By Kevin Guilfoile
It was less than a year ago that we chronicled the trial of Jeanette Sliwinski, the former stripper and trade show model who ran her Mustang at 90 miles an hour into the back of a Honda Civic, killing three Chicago musicians. She was found guilty but mentally ill of reckless homicide and was sentenced to just eight years in prison.
And this Thursday she will walk out of jail.
To understand how eight years became ten months, you have to accept that prison math is all about subtraction. There was time served. Time off for good behavior. Time credited for counseling. It's a fact of an overcrowded prison system.
But I wonder if the original sentence--eight years for taking three lives--was as light as it was only because Sliwinski chose a car as her weapon.
We have a habit of calling any collision involving an automobile an "accident." No doubt if you had been listening to AM radio in Chicago on July 14, 2005, the traffic report would have warned you of an "accident" at the intersection of Dempster and Niles Center Road. Somebody missed a red light. Somebody was texting while driving. Just an accident.
But what happened on that spot that day was no accident.

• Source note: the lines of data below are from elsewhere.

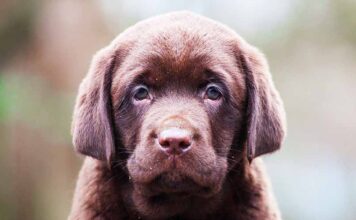 dog names that start with g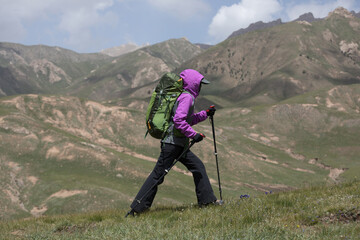 Successful woman hiker  climbing to high altitude mountain top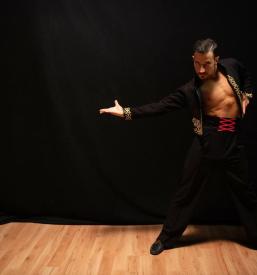 Najboljša plesna šola Goriška, Slovenija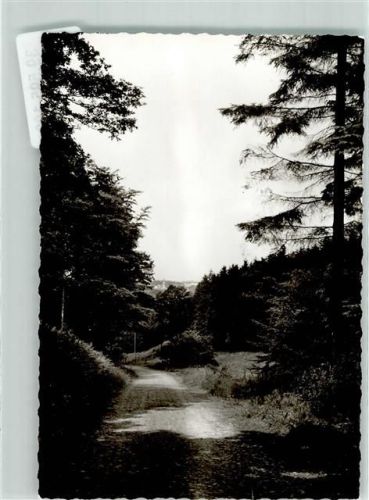 Dhünn Ort handschriftlich Foto Original aus Archiv eines Ansichtskartenverlags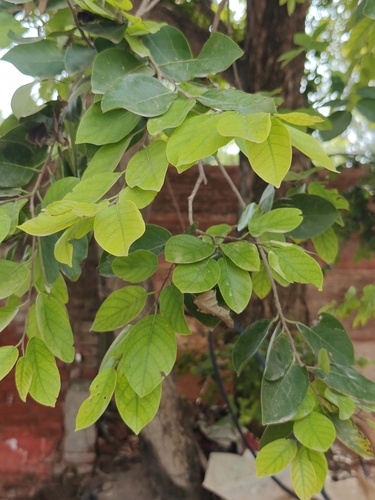 Indian elm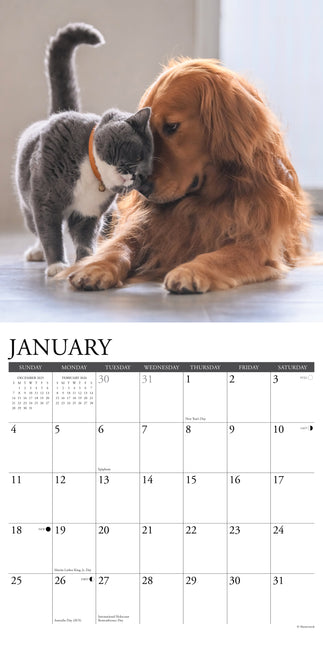 Willow Creek Katten en Honden Kalender 2026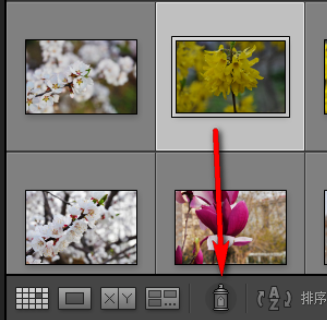 Lightroom给照片加上关键字的操作方法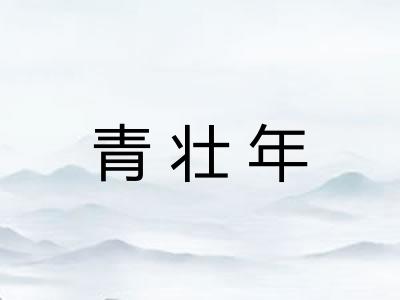 青壮年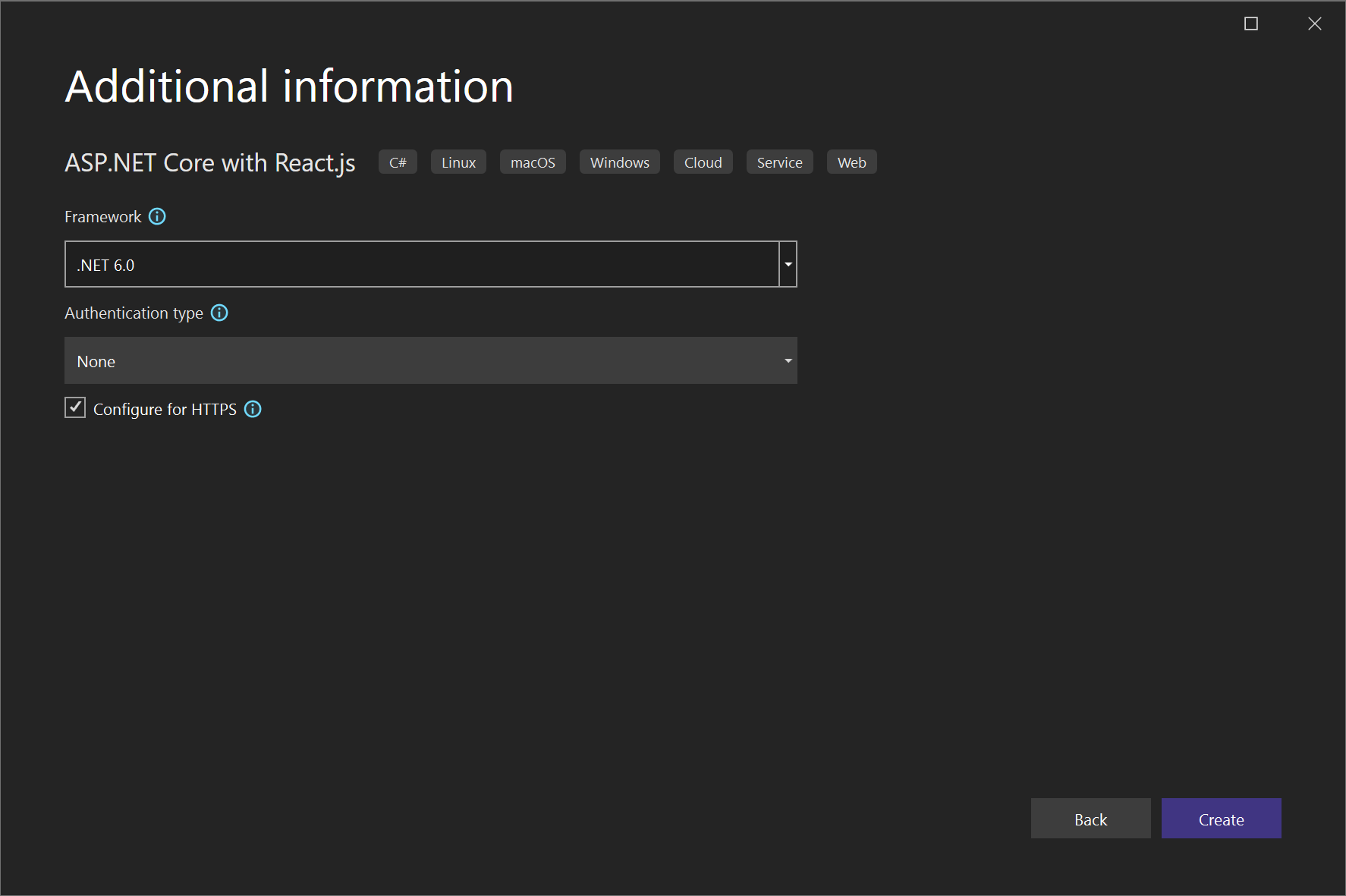 Zrzut ekranu przedstawiający tworzenie nowego projektu React.js — ekran Dodatkowe informacje.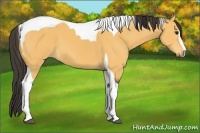Horse Color:Buckskin Sabino Tobiano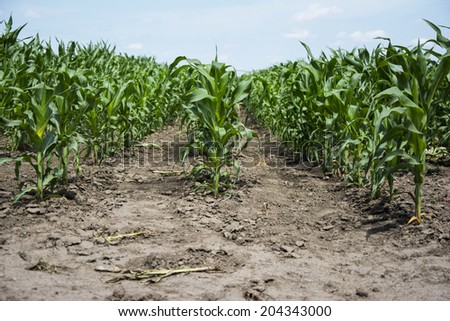Green corn growing in the wide field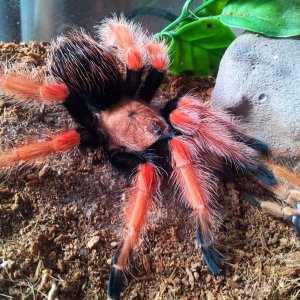 Rhapsody....Brachypelma boehmei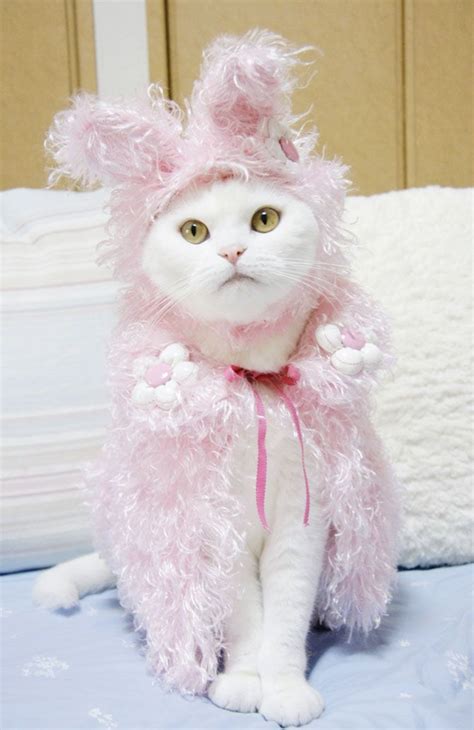 14 Best Cats In Bunny Ears Images On Pinterest Artists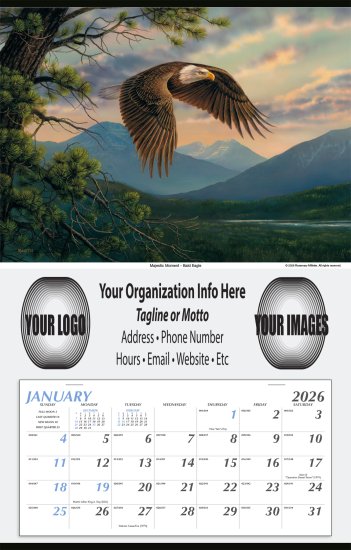 (image for) Large Hanger Commercial Wall Calendar- #6404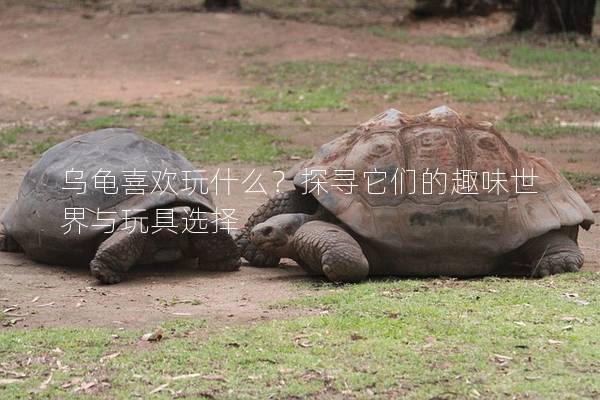 乌龟喜欢玩什么？探寻它们的趣味世界与玩具选择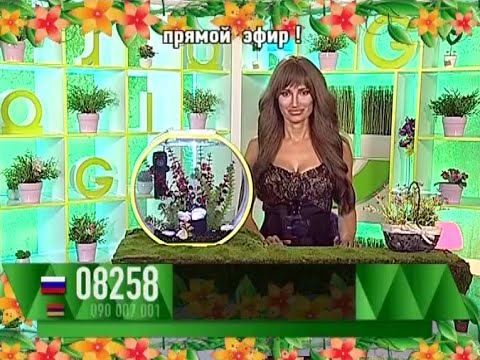 Ольга Козина - "Счастливый час" (28.06.16)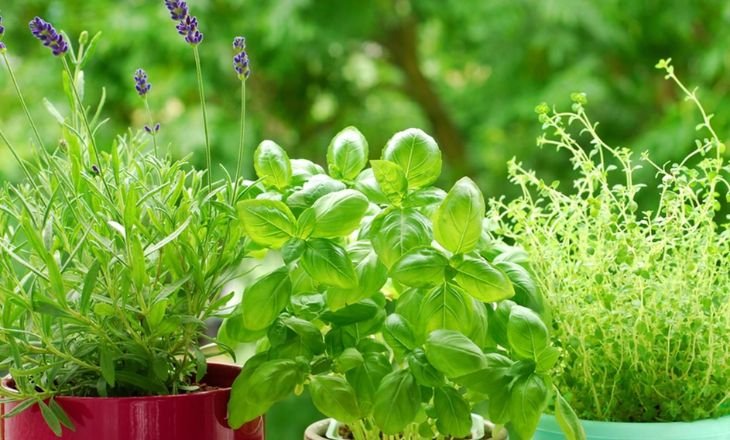 Herbs To Grow In America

If on July 14, 2005, Sliwinski had walked into that intersection with a gun or a bomb and, in an attempt to take her own life also killed three other people, she would not have received a prison sentence of only eight years. I guarantee you she would have been committed for life. She would have been called a danger. A threat to society. But what is the difference between that and steering a 2,000 pound missile into the back of another car at almost 100 miles an hour?
The difference is John Glick, Michael Dahlquist, and Doug Meis might have survived if Jeanette Sliwinski had only shot them.